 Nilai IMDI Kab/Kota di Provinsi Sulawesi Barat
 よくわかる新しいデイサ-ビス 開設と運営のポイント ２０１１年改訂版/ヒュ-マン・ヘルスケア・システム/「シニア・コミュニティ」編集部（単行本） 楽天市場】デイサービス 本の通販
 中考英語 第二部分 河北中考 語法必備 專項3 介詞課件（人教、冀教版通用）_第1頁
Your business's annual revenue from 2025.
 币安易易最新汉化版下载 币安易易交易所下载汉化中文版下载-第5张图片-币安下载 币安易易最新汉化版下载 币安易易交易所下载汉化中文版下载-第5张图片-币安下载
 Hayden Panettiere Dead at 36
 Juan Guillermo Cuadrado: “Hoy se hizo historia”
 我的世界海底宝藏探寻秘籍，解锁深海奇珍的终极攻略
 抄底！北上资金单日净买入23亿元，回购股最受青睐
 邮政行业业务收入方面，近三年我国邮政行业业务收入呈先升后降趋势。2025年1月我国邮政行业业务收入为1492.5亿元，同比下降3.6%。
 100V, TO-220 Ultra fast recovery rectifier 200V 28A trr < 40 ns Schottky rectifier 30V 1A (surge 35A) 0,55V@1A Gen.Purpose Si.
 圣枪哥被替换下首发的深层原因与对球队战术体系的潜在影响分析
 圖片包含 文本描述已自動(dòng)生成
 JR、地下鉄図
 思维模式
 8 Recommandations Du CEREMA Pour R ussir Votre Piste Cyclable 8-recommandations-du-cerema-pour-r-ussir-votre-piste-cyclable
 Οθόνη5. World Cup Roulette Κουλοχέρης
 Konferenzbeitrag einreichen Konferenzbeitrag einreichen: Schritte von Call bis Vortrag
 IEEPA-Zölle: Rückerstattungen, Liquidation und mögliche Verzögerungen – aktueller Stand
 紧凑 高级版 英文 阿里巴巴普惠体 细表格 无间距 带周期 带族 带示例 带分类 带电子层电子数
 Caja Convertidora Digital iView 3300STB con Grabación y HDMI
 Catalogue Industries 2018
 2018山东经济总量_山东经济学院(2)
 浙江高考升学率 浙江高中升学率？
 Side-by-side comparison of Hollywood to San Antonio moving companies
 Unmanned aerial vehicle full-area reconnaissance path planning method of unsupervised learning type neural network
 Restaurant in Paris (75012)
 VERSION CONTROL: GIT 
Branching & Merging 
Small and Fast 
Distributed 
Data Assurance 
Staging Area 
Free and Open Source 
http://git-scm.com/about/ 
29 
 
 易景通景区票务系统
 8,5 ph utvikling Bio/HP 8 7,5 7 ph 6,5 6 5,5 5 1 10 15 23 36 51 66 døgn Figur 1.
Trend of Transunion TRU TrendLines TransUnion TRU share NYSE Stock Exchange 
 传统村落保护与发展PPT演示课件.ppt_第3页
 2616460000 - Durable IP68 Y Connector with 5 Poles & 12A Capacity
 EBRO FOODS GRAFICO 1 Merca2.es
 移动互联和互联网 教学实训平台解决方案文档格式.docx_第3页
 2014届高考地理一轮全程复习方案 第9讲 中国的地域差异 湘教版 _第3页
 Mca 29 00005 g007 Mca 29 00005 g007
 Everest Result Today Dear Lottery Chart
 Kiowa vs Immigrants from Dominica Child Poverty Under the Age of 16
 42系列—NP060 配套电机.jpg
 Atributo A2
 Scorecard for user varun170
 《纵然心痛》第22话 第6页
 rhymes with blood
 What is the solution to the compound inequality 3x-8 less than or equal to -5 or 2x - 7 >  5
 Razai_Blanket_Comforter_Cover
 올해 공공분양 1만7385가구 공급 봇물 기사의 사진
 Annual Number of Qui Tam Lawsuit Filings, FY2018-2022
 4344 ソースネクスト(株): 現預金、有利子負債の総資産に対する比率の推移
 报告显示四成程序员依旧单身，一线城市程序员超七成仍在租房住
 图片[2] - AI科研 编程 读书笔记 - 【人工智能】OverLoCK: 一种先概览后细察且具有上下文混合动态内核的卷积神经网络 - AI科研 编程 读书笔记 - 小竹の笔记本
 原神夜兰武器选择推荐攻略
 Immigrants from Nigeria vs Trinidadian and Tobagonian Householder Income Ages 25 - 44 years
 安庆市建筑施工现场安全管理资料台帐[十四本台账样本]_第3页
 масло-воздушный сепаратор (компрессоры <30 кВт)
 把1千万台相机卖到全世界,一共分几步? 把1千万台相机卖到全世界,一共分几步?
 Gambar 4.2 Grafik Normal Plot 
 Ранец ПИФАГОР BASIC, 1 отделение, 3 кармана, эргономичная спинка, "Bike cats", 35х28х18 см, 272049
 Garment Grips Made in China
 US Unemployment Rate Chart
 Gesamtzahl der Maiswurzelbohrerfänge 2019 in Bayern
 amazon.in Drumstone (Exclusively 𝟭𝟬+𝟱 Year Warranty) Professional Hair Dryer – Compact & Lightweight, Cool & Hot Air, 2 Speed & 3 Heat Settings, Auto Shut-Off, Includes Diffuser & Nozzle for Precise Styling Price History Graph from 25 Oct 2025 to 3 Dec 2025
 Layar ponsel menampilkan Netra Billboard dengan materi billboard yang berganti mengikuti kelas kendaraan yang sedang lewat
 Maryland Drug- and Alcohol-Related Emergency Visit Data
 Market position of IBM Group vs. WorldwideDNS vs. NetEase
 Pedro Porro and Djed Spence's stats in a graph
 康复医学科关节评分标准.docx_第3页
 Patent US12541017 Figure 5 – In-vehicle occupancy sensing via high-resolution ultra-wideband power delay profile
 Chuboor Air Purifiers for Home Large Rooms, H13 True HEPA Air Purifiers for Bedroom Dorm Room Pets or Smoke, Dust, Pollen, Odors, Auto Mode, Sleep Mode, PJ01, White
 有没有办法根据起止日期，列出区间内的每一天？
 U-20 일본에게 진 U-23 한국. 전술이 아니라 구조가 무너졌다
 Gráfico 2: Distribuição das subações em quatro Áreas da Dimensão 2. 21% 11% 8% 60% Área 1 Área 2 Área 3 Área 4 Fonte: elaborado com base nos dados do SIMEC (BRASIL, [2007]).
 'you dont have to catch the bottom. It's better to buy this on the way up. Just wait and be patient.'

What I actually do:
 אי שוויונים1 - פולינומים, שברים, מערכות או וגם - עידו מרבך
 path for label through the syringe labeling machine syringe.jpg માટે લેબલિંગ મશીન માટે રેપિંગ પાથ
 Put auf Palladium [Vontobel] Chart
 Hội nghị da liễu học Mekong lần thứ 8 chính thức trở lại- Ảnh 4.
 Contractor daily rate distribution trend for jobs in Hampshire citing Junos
□ □ □ □
Task requirements ::
Lines from the top of the entries through the line with "rhymes with blood" are to be transcribed exactly, and nothing more.

Written solution ::
 Nilai IMDI Kab/Kota di Provinsi Sulawesi Barat
 よくわかる新しいデイサ-ビス 開設と運営のポイント ２０１１年改訂版/ヒュ-マン・ヘルスケア・システム/「シニア・コミュニティ」編集部（単行本） 楽天市場】デイサービス 本の通販
 中考英語 第二部分 河北中考 語法必備 專項3 介詞課件（人教、冀教版通用）_第1頁
Your business's annual revenue from 2025.
 币安易易最新汉化版下载 币安易易交易所下载汉化中文版下载-第5张图片-币安下载 币安易易最新汉化版下载 币安易易交易所下载汉化中文版下载-第5张图片-币安下载
 Hayden Panettiere Dead at 36
 Juan Guillermo Cuadrado: “Hoy se hizo historia”
 我的世界海底宝藏探寻秘籍，解锁深海奇珍的终极攻略
 抄底！北上资金单日净买入23亿元，回购股最受青睐
 邮政行业业务收入方面，近三年我国邮政行业业务收入呈先升后降趋势。2025年1月我国邮政行业业务收入为1492.5亿元，同比下降3.6%。
 100V, TO-220 Ultra fast recovery rectifier 200V 28A trr < 40 ns Schottky rectifier 30V 1A (surge 35A) 0,55V@1A Gen.Purpose Si.
 圣枪哥被替换下首发的深层原因与对球队战术体系的潜在影响分析
 圖片包含 文本描述已自動(dòng)生成
 JR、地下鉄図
 思维模式
 8 Recommandations Du CEREMA Pour R ussir Votre Piste Cyclable 8-recommandations-du-cerema-pour-r-ussir-votre-piste-cyclable
 Οθόνη5. World Cup Roulette Κουλοχέρης
 Konferenzbeitrag einreichen Konferenzbeitrag einreichen: Schritte von Call bis Vortrag
 IEEPA-Zölle: Rückerstattungen, Liquidation und mögliche Verzögerungen – aktueller Stand
 紧凑 高级版 英文 阿里巴巴普惠体 细表格 无间距 带周期 带族 带示例 带分类 带电子层电子数
 Caja Convertidora Digital iView 3300STB con Grabación y HDMI
 Catalogue Industries 2018
 2018山东经济总量_山东经济学院(2)
 浙江高考升学率 浙江高中升学率？
 Side-by-side comparison of Hollywood to San Antonio moving companies
 Unmanned aerial vehicle full-area reconnaissance path planning method of unsupervised learning type neural network
 Restaurant in Paris (75012)
 VERSION CONTROL: GIT 
Branching & Merging 
Small and Fast 
Distributed 
Data Assurance 
Staging Area 
Free and Open Source 
http://git-scm.com/about/ 
29 
 
 易景通景区票务系统
 8,5 ph utvikling Bio/HP 8 7,5 7 ph 6,5 6 5,5 5 1 10 15 23 36 51 66 døgn Figur 1.
Trend of Transunion TRU TrendLines TransUnion TRU share NYSE Stock Exchange 
 传统村落保护与发展PPT演示课件.ppt_第3页
 2616460000 - Durable IP68 Y Connector with 5 Poles & 12A Capacity
 EBRO FOODS GRAFICO 1 Merca2.es
 移动互联和互联网 教学实训平台解决方案文档格式.docx_第3页
 2014届高考地理一轮全程复习方案 第9讲 中国的地域差异 湘教版 _第3页
 Mca 29 00005 g007 Mca 29 00005 g007
 Everest Result Today Dear Lottery Chart
 Kiowa vs Immigrants from Dominica Child Poverty Under the Age of 16
 42系列—NP060 配套电机.jpg
 Atributo A2
 Scorecard for user varun170
 《纵然心痛》第22话 第6页
 rhymes with blood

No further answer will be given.